1.2.2        Sejarah Perkembangan
Bank Perkreditan Rakyat (BPRS) pertama kali dikenalkan oleh Bank Rakyat Indonesia (BRI) pada akhir tahun 1977, pada masa BRI menjalankan tugasnya yaitu sebagai Bank Pembina lumbung desa, bank pasar, bank desa, dan bank pegawai. Pada masa itu seluruh bank tersebut diberi nama Bank Perkreditan Rakyat (BPR).
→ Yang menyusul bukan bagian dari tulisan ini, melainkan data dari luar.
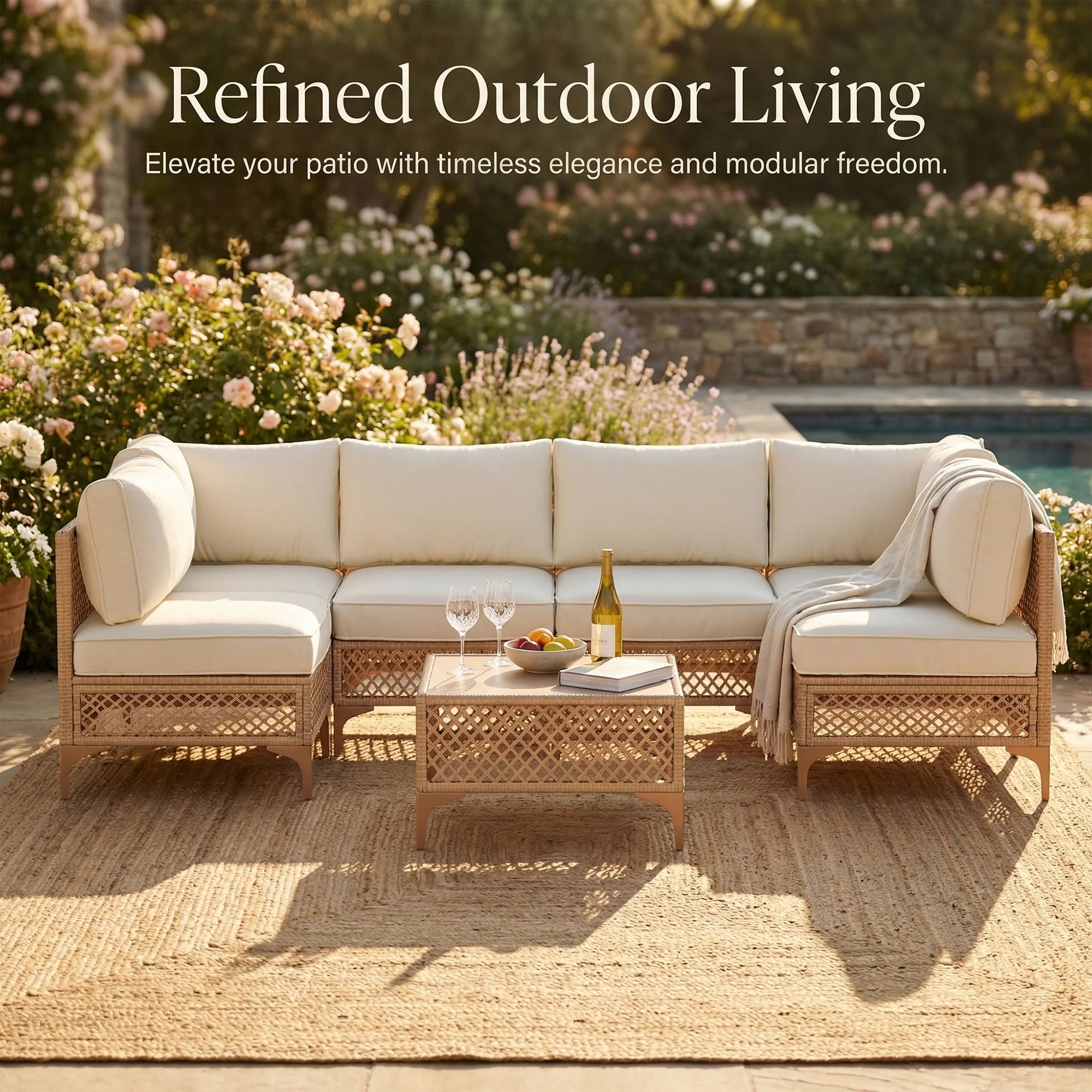 7-Piece Patio Furniture Set, Outdoor Wicker Conversation Set with Thick Cushions & Coffee Table for Backyard and Garden, Beige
Menurut Keppres No. 38 tahun 1988 yang dimaksud dengan Bank Perkreditan Rakyat (BPR) adalah jenis bank yang tercantum dalam ayat (1) pasal 4 UU.No. 14 tahun 1967 yang meliputi bank desa, lumbung desa, bank pasar, bank pegawai dan bank lainnya. Sebagian dari paket kebijakan moneter dan perbankan, status hukum Bank Perkreditan Rakyat (BRP) baru diakui pertama kali dalam pakto tanggal 27 Oktober 1988. BPR yang merupakan wujud dari beberapa lembaga keuangan, seperti Bank Desa, Lumbung Desa, Bank Pasar, Bank Pegawai Lumbung Pilih Nagari (LPN), Lembaga Perkreditan Desa (LPD), Badan Kredit Desa (BKD). Badan Kredit Kecamatan (BKK), Kredit Usaha Rakyat Kecil (KURK) , Lembaga Perkreditan Kecamatan (LPK), Bnak Karya Desa (BKPD) dan beberapa lembaga lainnya. Kemudian sejak dikeluarkannya UU No 7 Tahun 1992 tentang Pokok Perbankan, keberdaan lembaga-lembaga keuangan tersebut sttaus hukumnya diprjelas melalui ijin dari Menteri Keungan.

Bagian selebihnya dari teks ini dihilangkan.